That's a super common pattern. I was thinking of Charles Whitman, but found these too.
- Kip Kinkel (USA, 1998) — killed both parents before the Thurston High School shooting (Oregon).
- Evan Ramsey (USA, 1997) — killed his father before the Bethel High School shooting (Alaska).
- Charles Andrew Williams (USA, 2001) — killed his grandmother (legal guardian) before the Santana High School shooting (California).
- Jeffrey “Jeff” Weise (USA, 2005) — killed his grandfather (legal guardian) and his grandfather’s partner before the Red Lake Senior High School shooting (Minnesota).
- Adam Lanza (USA, 2012) — killed his mother before the Sandy Hook Elementary School shooting (Connecticut).

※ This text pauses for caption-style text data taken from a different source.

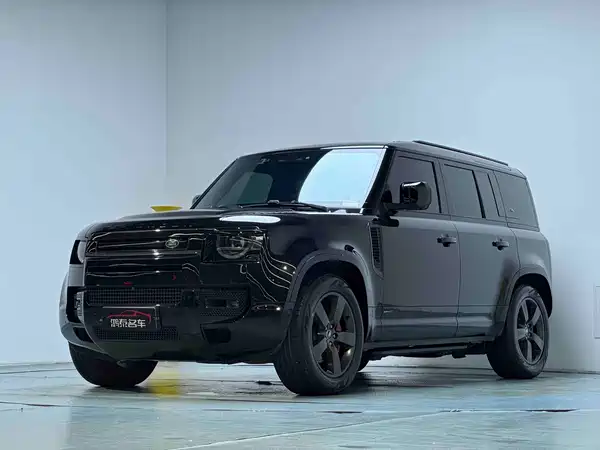 Land Rover Defender 2023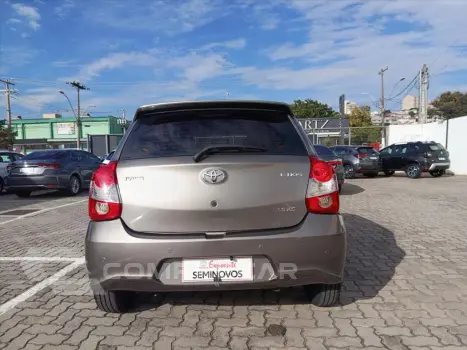 ETIOS 1.5 XS 16V FLEX 4P AUTOMÁTICO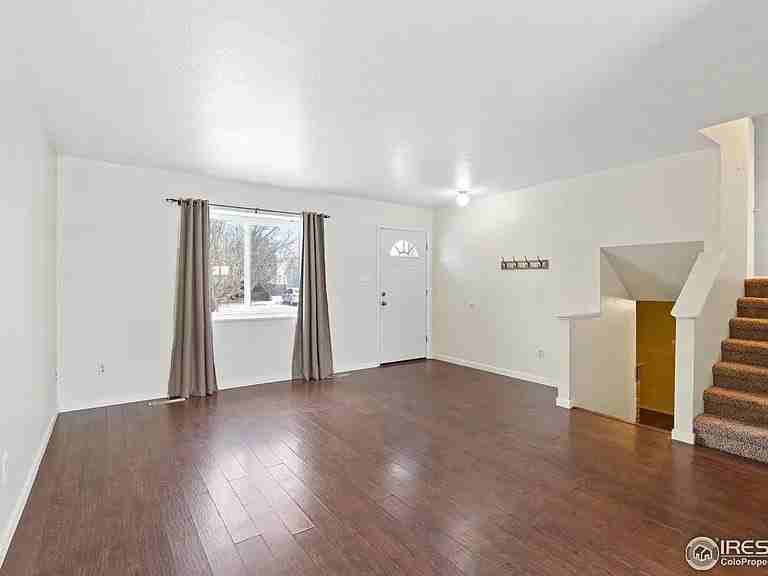 917 Nantucket St - Photo 6 of 24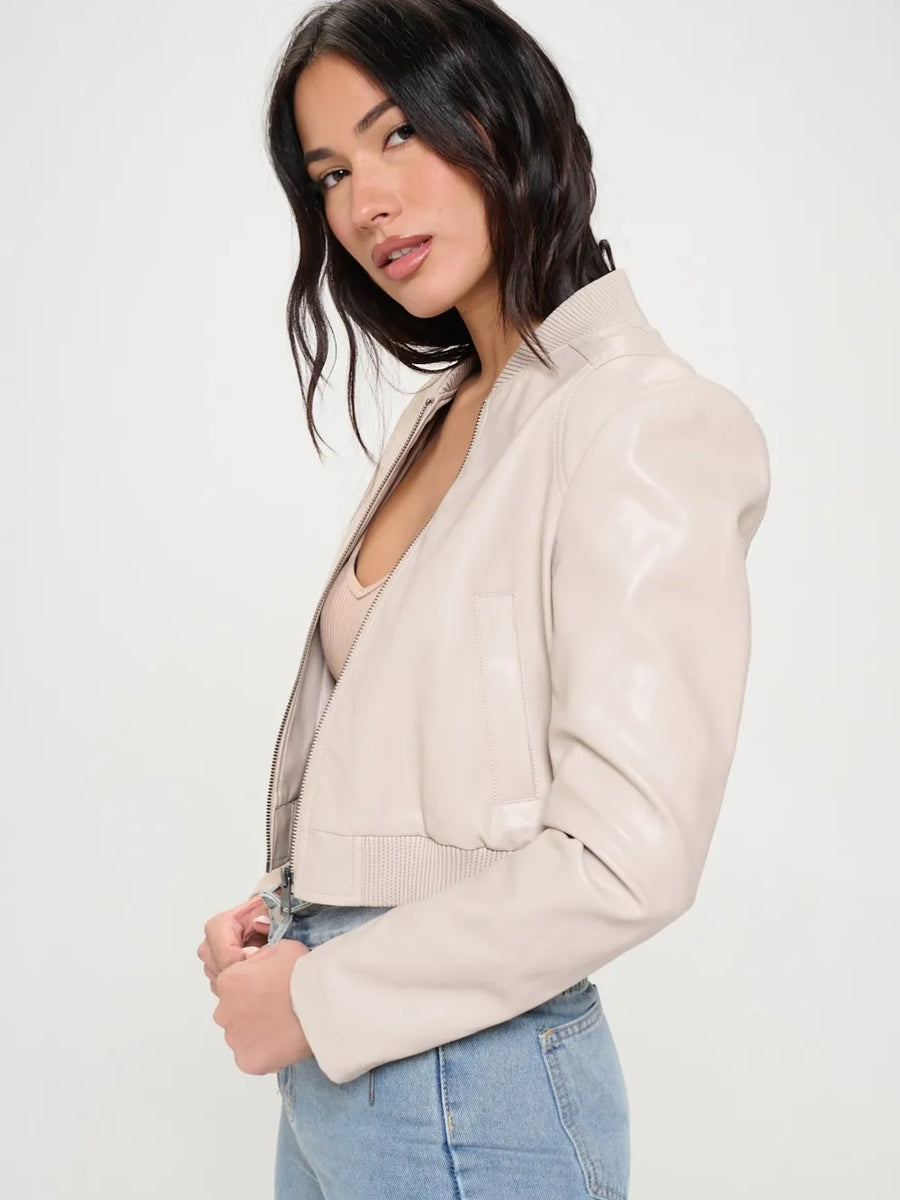 2b40b664-53cf-435d-a941-7ea7607e605f-Max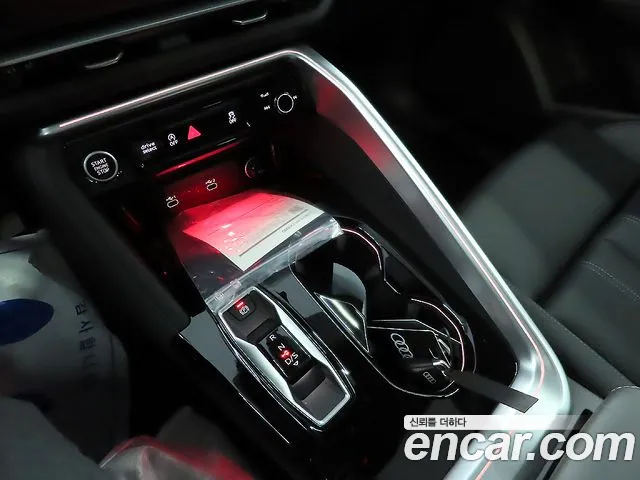 Audi Q5 2025 — фото 12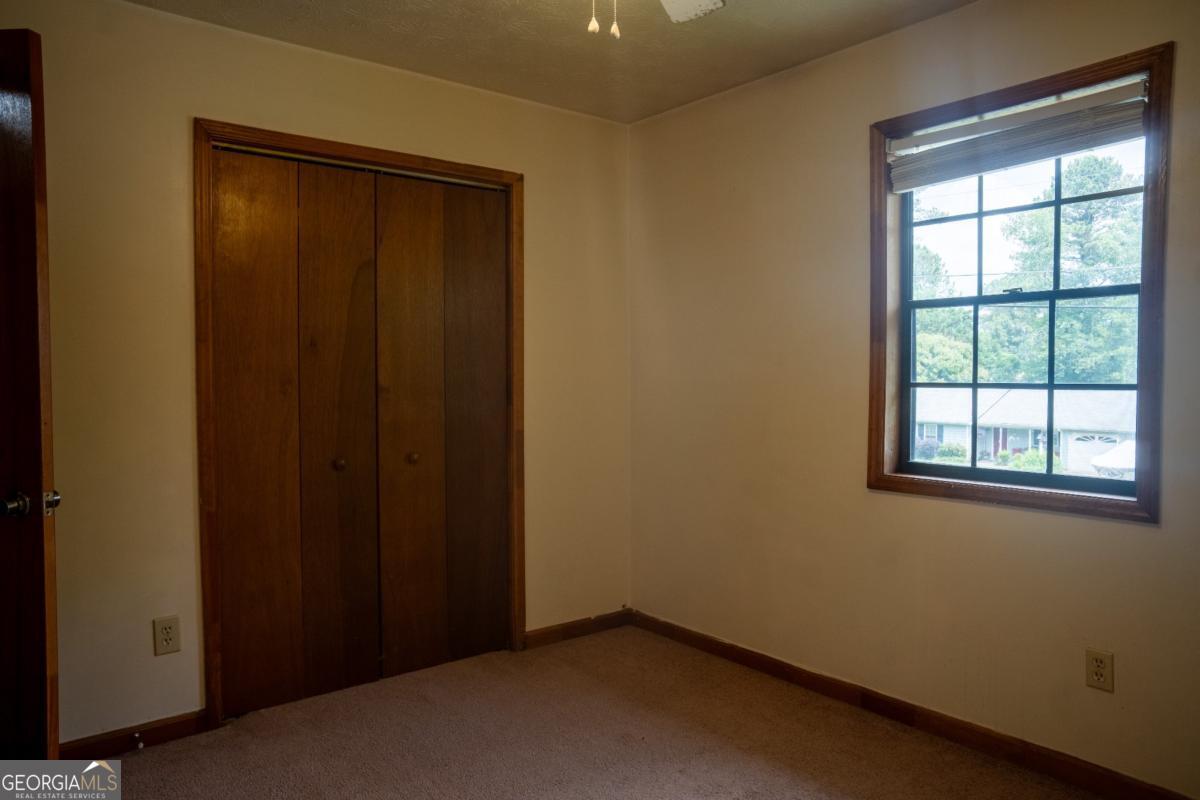381 Windsor Walk SE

I'm totally open to both cases being connected, but if you were to suggest it a couple days ago, I'd lean very much against it.
The old adage is "a serial killer intends to get away with it, a mass murderer doesn't, and a spree killer hasn't thought that far ahead."
I've seen a serial killer become a spree killer, but I haven't seen a mass murderer become an assassin, which is its own category. The psychology is very different.
ETA: The math does change if this Brown attack was targeting a specific person, but the issue is all the collateral damage. He could just be a really bad shot though.